Stephen Baker was a 1961 graduate who played for the Ramblers during during Indiana’s golden era of hoops. Michelle takes enormous pride in the fact she later became a Ramblers guard after Union had become an elementary school.

When she to got high school, Davis played her freshman season (1983-84) for the late coach Cher Weatherman, and her final three for Cindy Lester.

As a senior, Davis averaged 13.8 points in leading Franklin to the championship game of the Ben Davis Semistate, where the Cubs lost to eventual state champion Noblesville.

Despite the setback, the simple fact the Cubs came so close to a state finals appearance at Market Square Arena earned them a fourth and final ride around town square.

The 1986-87 club also made history, converting all 26 of its free throws in a home game against Mooresville, a national record among girls high school programs even today.

Davis knocked down 10 consecutive charities, with best friend Debbie (Pruitt) Abel delivering eight. Four of their Franklin teammates combined for the remaining eight free throws.

“The thing about our team in general is we were very well-balanced,” said Abel, who teaches seventh-grade science at Clark Pleasant Middle School. “But Michelle would take a game over. She was definitely a go-to person. We grew up as best friends, and with her work ethic, she deserved everything she got.

“Michelle was just hard-nosed and had tenacity like no other.

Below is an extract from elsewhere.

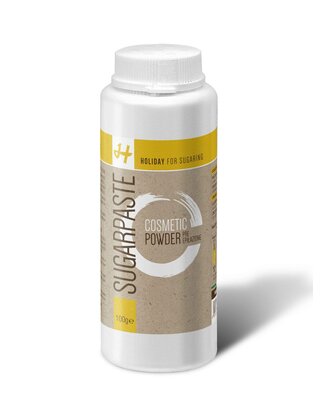 PRE SUGARING POWDER 100 G â PROFESSIONEEL BODY SUGARING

No one wanted to go against Michelle in a practice drill because they knew they would get beat up.”

Davis graduated with 10 varsity letters, having also run cross-country and track and field, and devoting the autumn of her freshman year to volleyball.

Playing at Ball State University from 1987-91, Baker, who earned her degree in elementary education, just missed dishing out 300 assists for her career with 298.

Still an impact player

Married and the mother to two high school athletes — daughter Stephanie is a junior basketball player at Roncalli, while son, Nicholas, is a freshman football player at Center Grove — Davis is employed as Director of Adult Education at Central Nine Career Center in Greenwood.

She’s been on the job since January 2013 after previously serving as Central Nine’s Dean of High School Students. Prior to that, she worked 17 years as a systems analyst for AT&T.

“There’s something new every day. The biggest challenge is I’m now over about 80 part-time employees and all of these different personalities,” Davis said. “That has been the huge learning curve.”

Davis credits her athletics experiences for helping build the leadership skills and self-esteem she exhibits today.

And though she’ll never take credit, Davis is one of many former girls basketball players Raines credits with taking the game to its next level in Indiana.

Airballs, turnovers, point-blank misses, deliberate offensive paces and shoddy defense were far more common when the sport became sanctioned by the IHSAA in 1975-76 than they are today.

Davis’ class were first-graders when this exciting new world opened up to it and to girls of comparable ages. They grew into basketball rather than waiting to pick up the sport in 10th or 11th grade.

“Michelle and those other good players of her era helped turn the corner for girls basketball,” Raines said. “Turned it from different to being in the same realm as the guy’s game.”